Eduface is an AI assessment platform that connects to Canvas via LTI 1.3, adding four tools directly to your existing workflow: an essay and paper grader, a formative feedback generator, a written exam grader, and an oral examination tool. Submissions flow in from Canvas automatically, and approved grades pass back to the Canvas gradebook without any manual export. No separate student login is required.
How does Eduface connect to Canvas via LTI 1.3?
LTI 1.3 (Learning Tools Interoperability) is the standard protocol that allows external applications to embed securely inside a learning management system. Canvas has supported LTI 1.3 since 2019, and it is now the required standard for any new integration.
Eduface connects to Canvas as an LTI 1.3 external tool.

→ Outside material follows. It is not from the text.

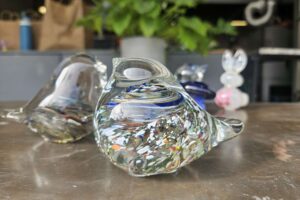 Glass bird ornament on a table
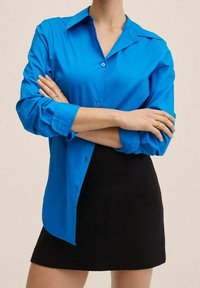 Chemise bleue à boutons en tissu lisse, dotée d'un col et de manches longues retroussées. Portée avec une jupe noire texturée.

Setup is completed once by the institution's learning technologist: the LTI credentials are added to Canvas's Developer Keys panel, and the tool appears as an available external app across courses. From that point, lecturers can add any Eduface tool to a Canvas assignment without any IT involvement.
Student
Submits via Canvas
Eduface
AI processes submission
Lecturer
Approves grade or edits
Canvas Gradebook
Updated
Every grade requires explicit lecturer approval before it is recorded in the Canvas gradebook.
Crucially, students do not need a separate Eduface login. They submit their work through Canvas as normal. The LTI integration handles authentication silently in the background.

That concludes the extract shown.